Four professors in Syracuse University’s College of Arts and Sciences have received Faculty Early Career Development (CAREER) awards—the highest honor given by the National Science Foundation (NSF) in support of early-career development activities of teacher-scholars.
The recipients are Arindam “Ari” Chakraborty and Daniel A. Clark, both in the Department of Chemistry; and Stefan W. Ballmer and M. Lisa Manning, in the Department of Physics. All four are assistant professors.
“This is an unprecedented number of CAREER awards for The College,” says Dean George M. Langford. “We are extremely proud of our recipients, all of whom integrate research and education within the context of our institutional mission. These awards exemplify the importance we place on faculty excellence in interdisciplinary teaching, research, service, and enterprise.”
Each CAREER award is approximately five years long and contains a research and education component. It also provides each recipient with generous financial assistance, mainly for research staff, equipment, and educational work.
Ari Chakraborty is an expert in physical and theoretical chemistry, quantum mechanics, and nanomaterials. His CAREER project will involve theoretical investigation of the optical properties of quantum dots, which are particles of matter so small that their electronic properties are strongly dependent on their size and shape. His project will focus on the application of quantum dots for efficient solar-to-electricity and solar-to-chemical energy transformation pathways.

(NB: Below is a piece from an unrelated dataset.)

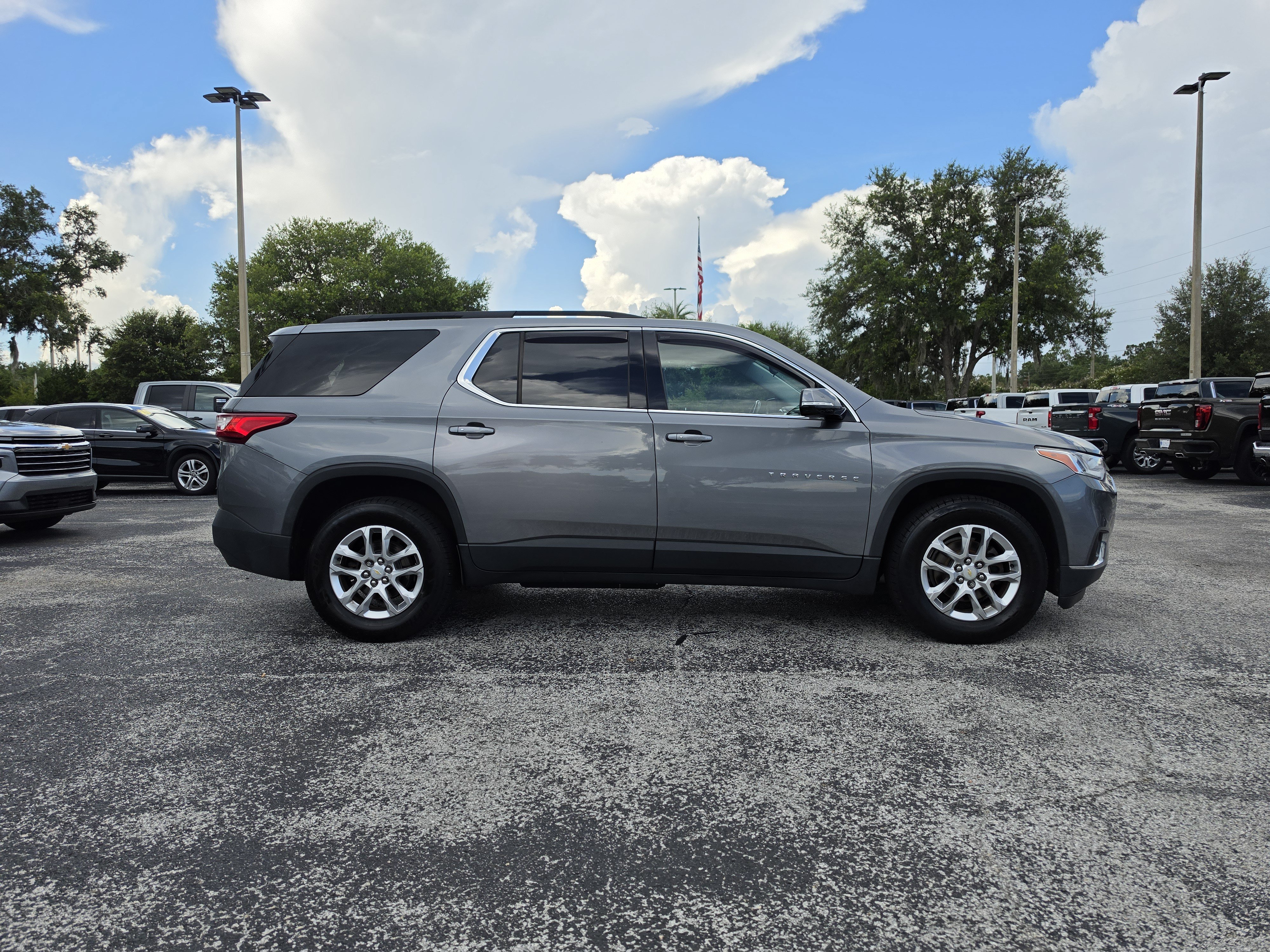 Certified 2020 Chevrolet Traverse LT w/ LPO, Floor Liner Package AWD/4WD image 3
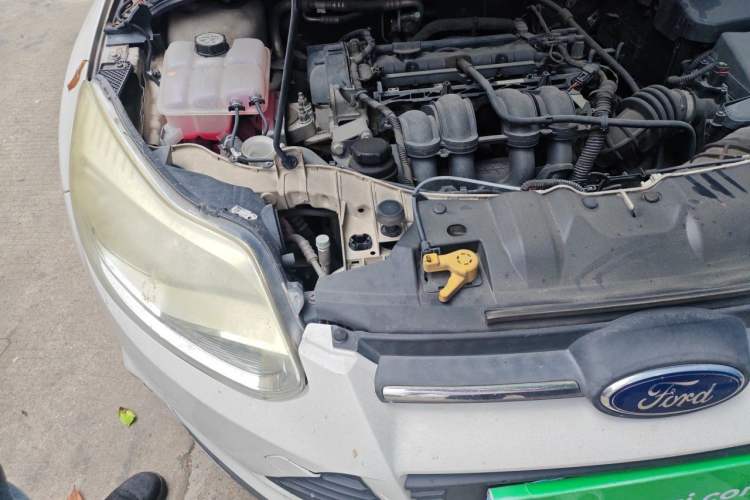 Used Ford Focus 2012 Sedan 1.6L Automatic Comfort Model Engine Bay Right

"I want to know how these properties are affected by various factors, such as size, shape, temperature, chemical composition, and structural strain,” says Chakraborty, whose work is also supported by NSF's Chemical Theory, Models, and Computational Methods Program. “Fundamental understanding of these processes can help design nanomaterials with enhanced photovoltaic and light-harvesting properties.”
According to Chakraborty, quantum chemistry algorithms and computational software developed during the project will be open-sourced and distributed to the community for free.
“The educational component is designed to assist high school students in their research and inspire the next generation of scientific researchers,” he says.
Daniel Clark studies organic and organometallic chemistry, catalytic reaction development, and natural product synthesis. His CAREER award will develop catalytic methods for the silylvinylation of alkynes, which are unsaturated hydrocarbons containing one or more carbon-carbon triple bonds. This process leads to a new carbon-silicon and a new carbon-carbon bond in a single step. When olefins (i.e. ethylene) are utilized, this methodology can create dienes--hydrocarbons with two carbon double bonds--of high synthetic value.
The objectives of Clark’s research are two-fold: to use ethylene, a cheap and abundant gas, to produce cyclic compounds that contain a diene; and to use vinylboronates as coupling partners with alkynes to create more complex diene systems.
“Successful implementation of this research will positively impact organic chemistry, agro-chemistry, pharmaceuticals, and the materials industry,” he says.
Clark will also incorporate workshops for science, technology, engineering, and math (STEM) educators in the Syracuse and North Syracuse school districts. Many of his lecture materials and chemical experiments will be made available for K-12 classroom use.